2. Shall I go for ELSS on SIP mode (I believe on SIP than lump sum investment)
Note: My time horizon is long (more than 5 years)
Please advice .
Thanks
Raj
im married recently. i dont have kids yet.i want to buy a house in near future. i have planned for emergency fund also.so can u pls let me know ways to achieve my financial goals pls.

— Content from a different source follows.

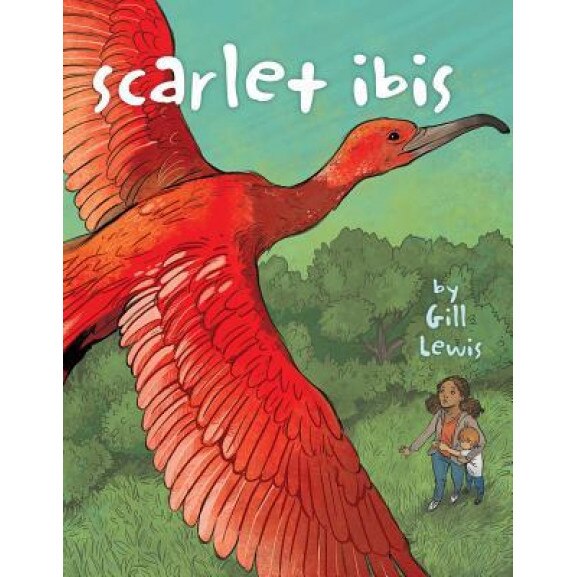 Scarlet Ibis, Gill Lewis (Author)
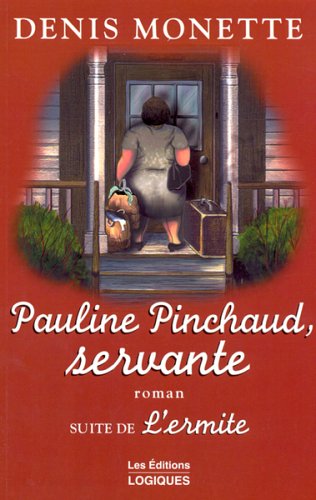 Pauline Pinchaud, servante: PAULINE PINCHAUD SERVANTE T2 Monette, Denis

thanks for reply in advance.
Amar-How about basic things like life, health and accidental insurance? What about the basic financial goal like retirement planning? Are all these are taken care by? If so then go for expensive goals like house.
Very good article. Thought provoking
Sreekanth-Pleasure 🙂
My father is 63, a senior citizen. His yearly income (thru pension) is 5.8 Lakhs. He doesnt have any savings. Upto last year, 2013-14 he was in 10% tax bracket and paid Income Tax. Now with 5.8 lakhs he is in 20% tax bracket. Can u suggest me the best avenues for saving his tax considering his age ( atleast to the extent of 20% bracket taxable income ). He is not interested in FDs as they dont beat the inflation.
Srinivas-At his age he must look at safety more than return. So I suggest him SCSS or to maximum he can go for around 30% of his investable amount to ELSS. But not more than that. That too with waiting period of more than 5-7+ yrs.
It is always advisable to identify Financial goals first. Then choose financial products as per the time frame and your risk profile. Many investors opt for financial products just to save some tax. There is nothing wrong in taking the advantage of the available tax benefits. But it should not be the sole criteria to invest. Sadly, I have seen many choose products (esp insurance) just to save taxes.
Regarding real estate investment option through home loan. If one can identify a good property and invest in it at a very young age then it will create huge wealth in long term. This investment can be funded through home loan. But do not over leverage yourself.
Sreekanth (www.onlinefinancialplanner.in)
Sreekanth-Thanks very much for your knowledge sharing 🙂
What rubbish. Any increase in 80C limit is welcome. To avail of this is optional, not mandatory. U dont have to invest extra 50k. But for those who are anyway investing into eligible products more than 1.5 lac or spending on children education more than 1.5 lac, etc; it’s definitely a tax saver and a boon. Its not a bane for anyone because its optional.
Deepak-Thanks for your kind words 🙂 I agree that this optional is not mandatory. But do you feel people forget it so easily? They tend to utilize at any cost without doing their home work. For your information I have not raised the spending on children education in above list. Because it is mandatory and you can avail. But what about those who have no children and looking for tax saving of another Rs.50,000 at any cost???
Boss, Basavaraj is saying to identify your financial goals before investing for the sake of tax saving. Understand what he is trying to convey in the article before commenting. Just relax and don’t make any rubbish comments!!!!